A peine éclose au soleil de la vie, la petite fille conserve pendant quelques années les apparences des petits garçons de son âge: allures vives z’et pétulantes (après, on arrête de pétuler, c’est vulgaire), timbre de voix (on mue moins, ce qui nous permet de nous moquer sans une once de pitié des voix inégales de nos congénères mâles à l’adolescence), gracilité des membres (ça me paraît hors de propos), indécision des formes (*soupir à fendre l’âme*).
Tout les confondra longtemps encore.
Mais, pareille à la fleur qui ne demande qu’un rayon de soleil (tu veux voir mon gros rayon?) pour épanouir sa corolle, la jeune et gracieuse créature (non, rien) appelée un jour à devenir mère (appelée, c’est bien le maux mot), éprouve les premières secousses qui lui révèlent une nouvelle existence (heu… secousses?).
Rose virginale (mais j’espère bien!), elle entr’ouvre son calice (vulgaire!) et elle éprouve les prémices des nombreuses et redoutables épreuves qui l’attendent (la péridurale, c’est vulgaire).
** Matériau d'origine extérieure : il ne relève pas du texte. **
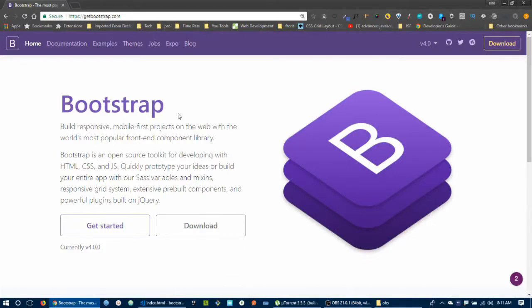Welcome back programmers. Let's start the last episode. In the last episode, we didn't have flex utilities.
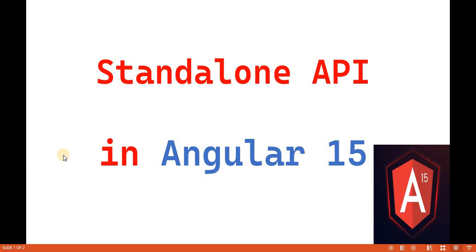Hello everyone, welcome back to the DotNet Office. In this video we are going to discuss the standalone API in Angular 15. The keyword 'standalone' means we are not dependent on the NgModule — without creating or using the NgModule we can create our APIs, including routing and components.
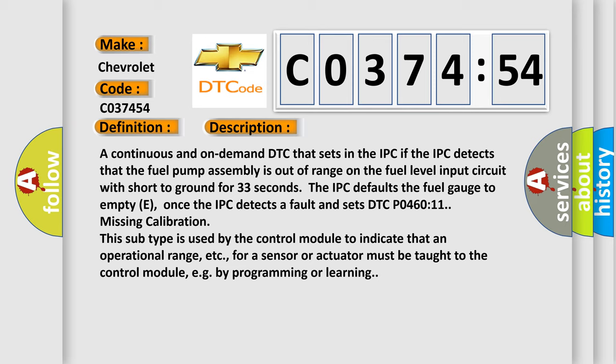Once the IPC detects a fault and sets DTC P046011 missing calibration, this subtype is used by the control module to indicate that an operational range, etc., for a sensor or actuator must be taught to the control module, for example by programming or learning.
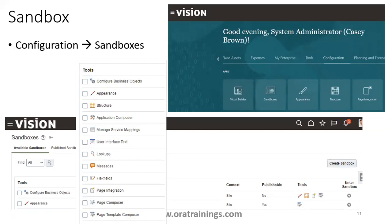So these are all the commonly used functionalities and navigation links for a technical or functional user. That's all for this session, thank you.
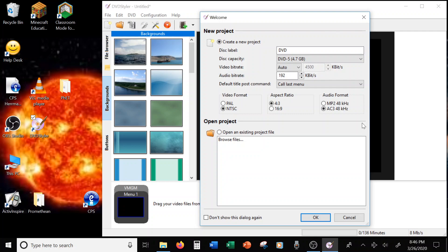Alright, so I'm going to take you through the steps of making a DVD using the program DVD Styler.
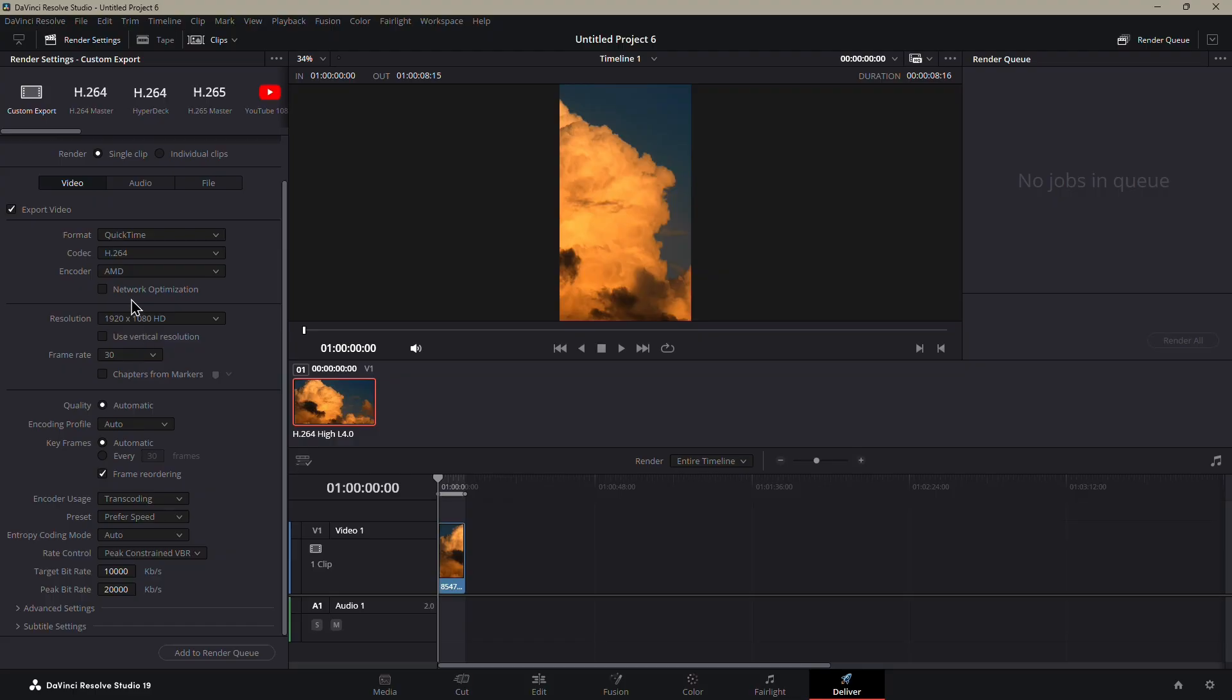It just helps the export go a little faster and smoother. For resolution, keep it at 1920 by 1080, but make sure your video is already vertical. Set the frame rate here to match what you used earlier, so in our case, 30 frames per second.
Une fois cette révolution opérée dans son être (la puberté, donc), son extérieur se métamorphose rapidement (elle devient une créature du Diable).
La pudeur voile son front (enfin!), ses yeux s’animent (parle pour toi, enfin! Nos filles sont précoces à divers niveaux), puis ses cheveux croissent, son cou s’incline avec grâce, ses épaules s’évasent (tant qu’elles ne s’envasent pas), sa poitrine développe ses contours naissants (il faut bien appâter le hobereau), la taille se dessine et se cambre (et elle danse le flamenco sans arrêt), ses hanches s’élargissent (c’est mieux quand la péridurale est proscrite), et, toutes ces formes, plus moelleuses (on en mangerait), plus élégamment arrondies (très. Nadine de Rothschild – ♥ – prône l’arrondi), prennent un caractère particulier que l’on admire dans la Vénus de Médicis (la culture, tout nous, ça!).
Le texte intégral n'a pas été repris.